Panko Crusted Neon Eggplant Cutlets

Monsoons in India are always muddy and wet and soggy and damp. You know what else they are? The perfect weather for all kinds of fritters, whether it's hot onion bhajiya as the rain is crashing down and it's dark as night at noon, or delicate potato fritters when the rain is just drizzling and you want something to nibble on with your afternoon cup of tea.

It isn't the monsoons here, but a nice cool shower would definitely be welcome in these soaring temps. And I don't have besan (chickpea flour) on hand to make a typical Indian pakora or bhajiya batter, but I do have panko crumbs. And so I say - good enough! Let's get a' fritterin' and just imagine up a crashing thunderstorm!
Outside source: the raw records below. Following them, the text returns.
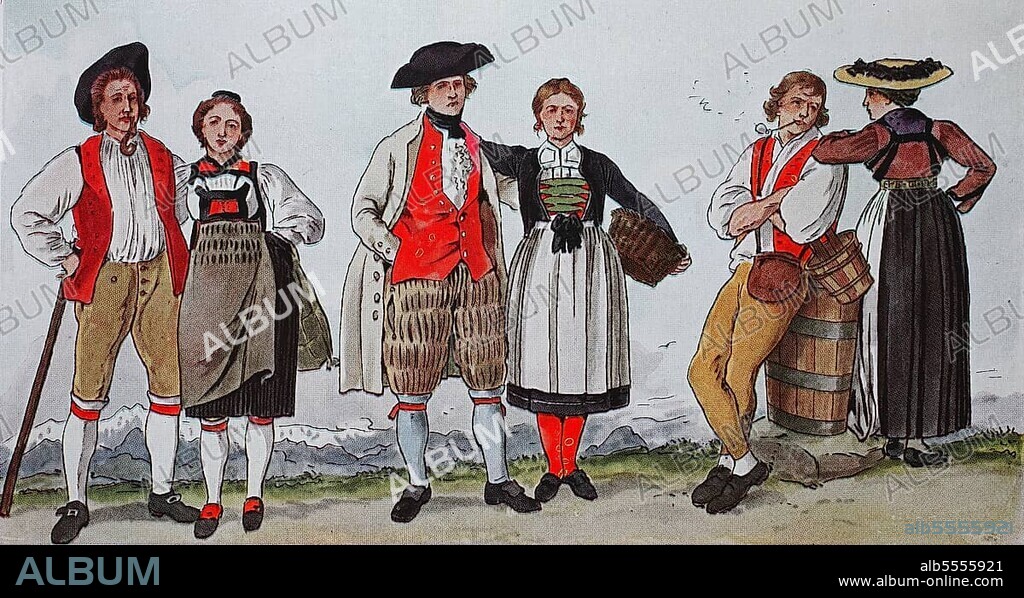 Mode, Kostüme, Kleidung in der Schweiz, um 1804, von links, junges Paar aus dem Kanton Bern, Paar aus dem Kanton Aargau und Paar aus dem Kanton Friborg, digital verbesserte Reproduktion einer Illustration aus dem 19. Jahrhundert.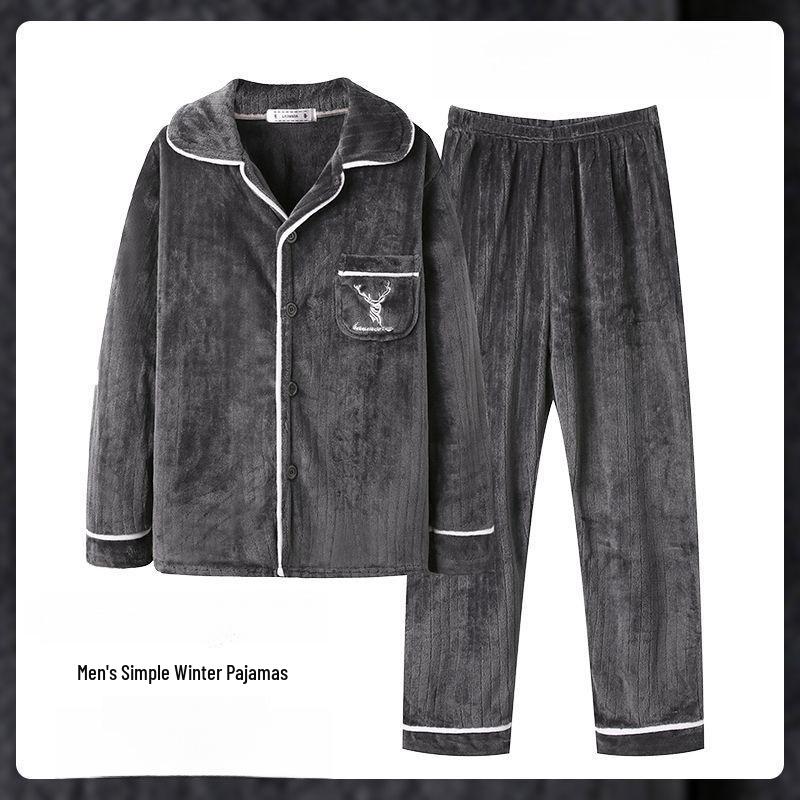 Men's Coral Fleece Velvet Pajamas Set - Thick, Warm, Long-Sleeved Flannel for Autumn and Winter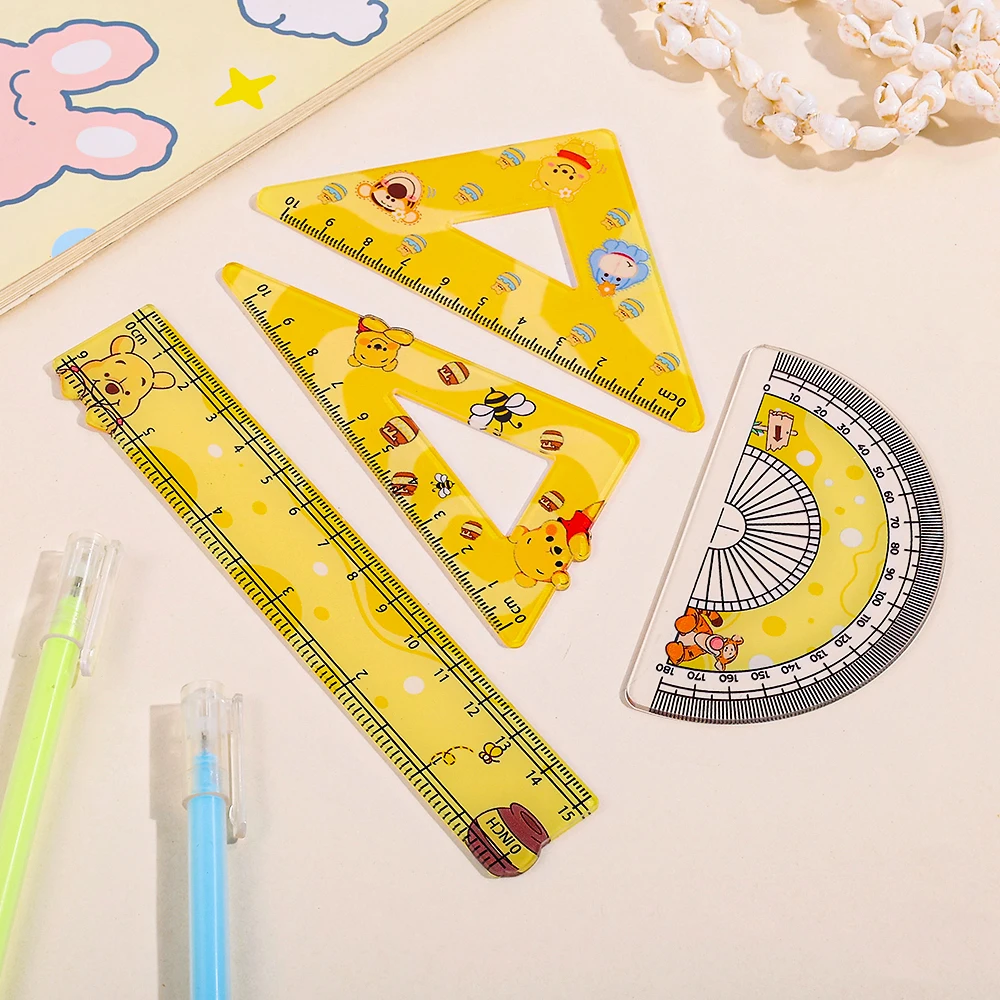 Winnie The Pooh Acrylic Ruler Set, Cartoon Bear Straight Ruler, Triangle Ruler Protractor Measuring Tools for Drawing Stationery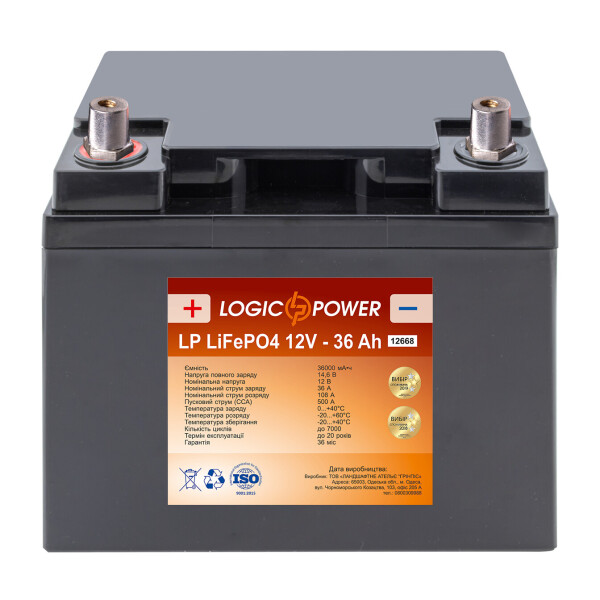 

Аккумулятор LP LiFePO4 12V - 36 Ah (+ слева, прямая полярность) универсальный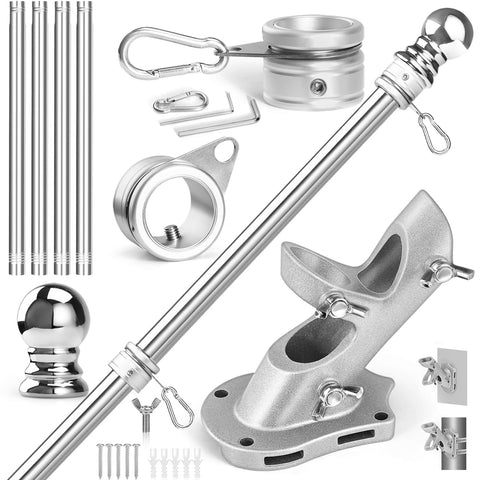 Anovo flag pole kit in stainless steel, 5 ft height for durable outdoor display.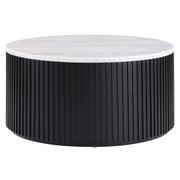 Steve Silver Colvin Black White Marble Coffee Table with Casters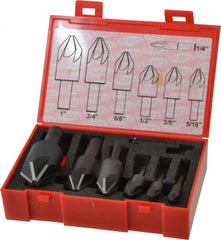 Keo - 7 Piece, 1/4 to 1" Head Diam, 82° Included Angle, Single End Countersink Set - Exact Tooling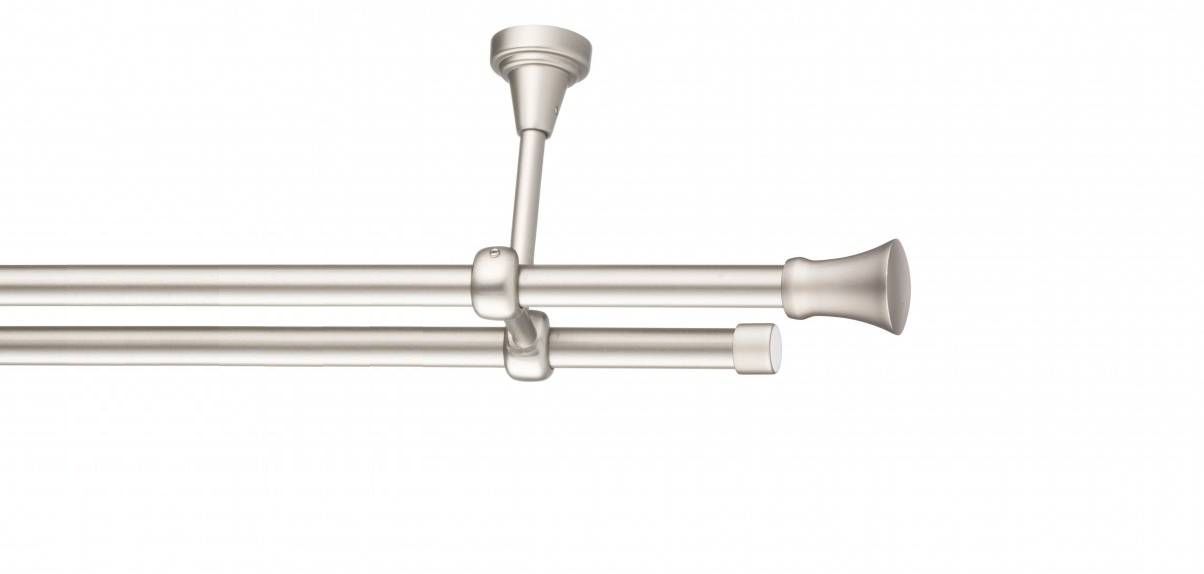 Galerie metalica Monaco -fără inele, dubla - de tavan, 19 mm, satin nichel (argintiu mat)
Panko Crusted Neon Eggplant Cutlets

1 small eggplant (I used a cute little neon eggplant, which is not bitter at all - if you use a larger eggplant variety, you should salt, rinse, and dry off before using)
2/3 cup panko bread crumbs
1 egg
1 tsp turmeric
1 tsp chili powder
1 tsp coriander-cumin powder
1 cup bread crumbs
1/2 tsp salt
Sea salt to sprinkle
Vegetable oil to shallow fry the eggplant (approx. 4 tbsp)
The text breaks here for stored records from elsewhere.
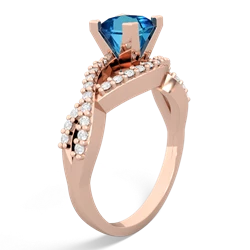 London Topaz Diamond Twist 5Mm Square Engagment  14K Rose Gold ring R26405SQ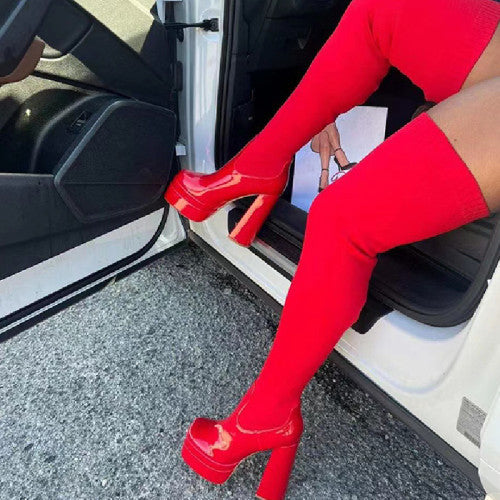 Red (5.51 High) Wedge Thigh High Boots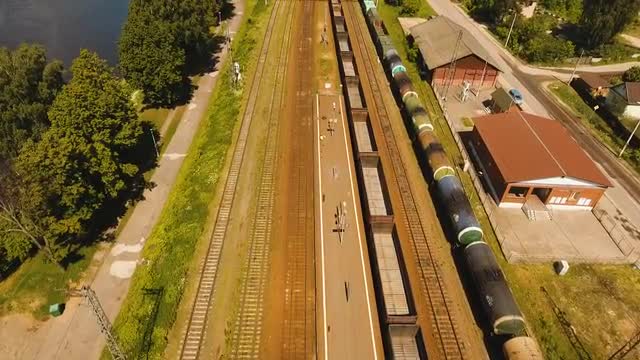 Freight train on the railway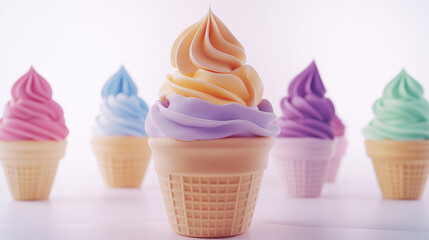 AI generator images of ice cream product mockup style, Strawberry, vanilla, blueberry, chocolate, mint, and colorful ice cream scoops with cone with radial pattern, on a white background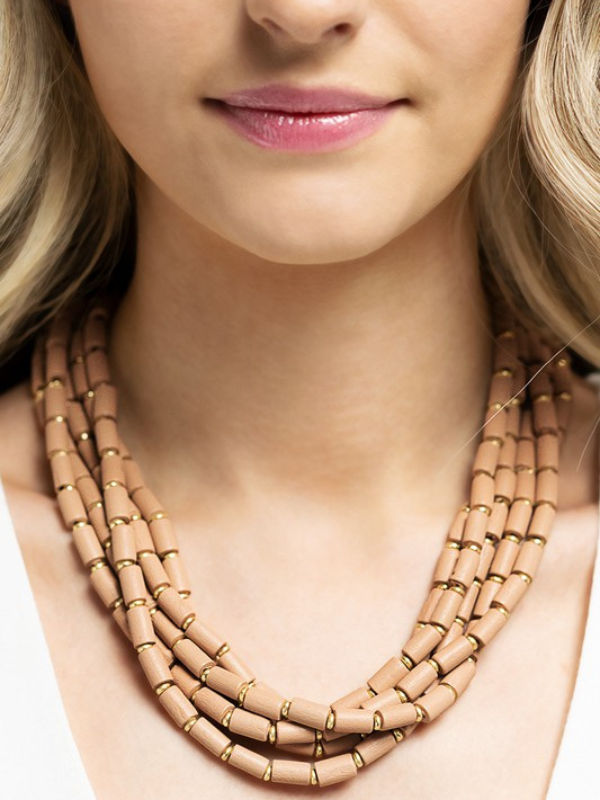 Wooden Bead Statement Necklace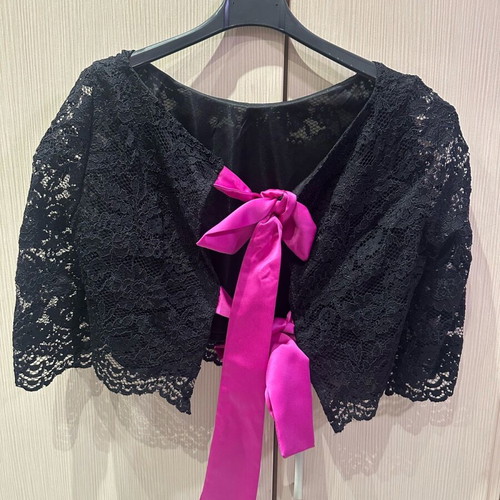 Charly evening set like new with lace crop top and satin skirt
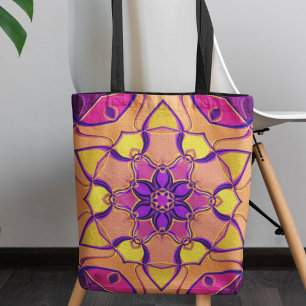 Cartoon Mandala Bloem Roze Paars en Oranje Draagtas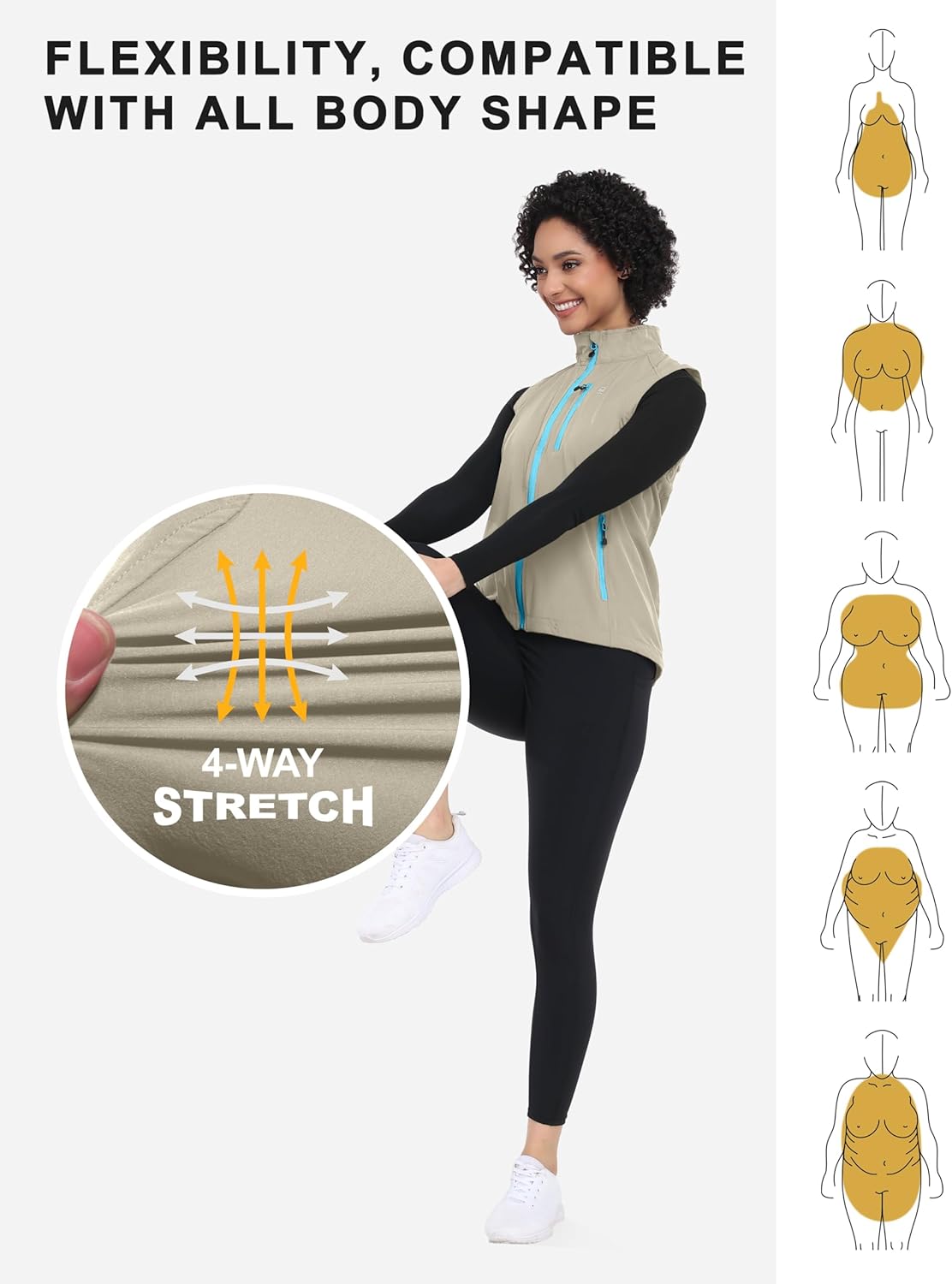 Little Donkey Andy Women's Lightweight Quick Dry Vest Summer Windproof Sleeveless Elastic Jacket for Golfing Cycling Running - Image 7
Look at that color! These brilliant little violet eggplants are so tender and creamy - unlike their larger deep purple siblings, they have no bitterness to speak off, and very few seeds too!
Slice the eggplant into discs.


In a dish, mix together flour, turmeric, chili powder, coriander-cumin powder, and salt.



Whisk the egg in a bowl so that the yolk and whites are combined. Pour into a separate dish.
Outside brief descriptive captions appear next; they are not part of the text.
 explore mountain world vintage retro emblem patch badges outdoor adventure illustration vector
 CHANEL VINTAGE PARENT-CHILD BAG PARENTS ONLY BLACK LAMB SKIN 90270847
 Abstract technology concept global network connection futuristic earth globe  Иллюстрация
Pour just enough oil to cover the bottom of the pan, then heat on high until the oil is almost smoking. Lower the heat to medium-high.

Dredge the eggplant slices in the egg (cover both sides) and then the panko mixture. Then slide them into the oil.

After a couple of minutes (when the bottom side is nice and brown), flip to brown the other side. Both sides should be nice and deep brown. The neon eggplant is so tender and creamy that it only takes a few minutes on each side. With a different variety of eggplant, you may need to lower the heat to medium and cook for longer on each side.


Remove and drain on a paper towel. Sprinkle a little sea salt on top and serve with mint/coriander chutney or just a simple dash of lemon juice!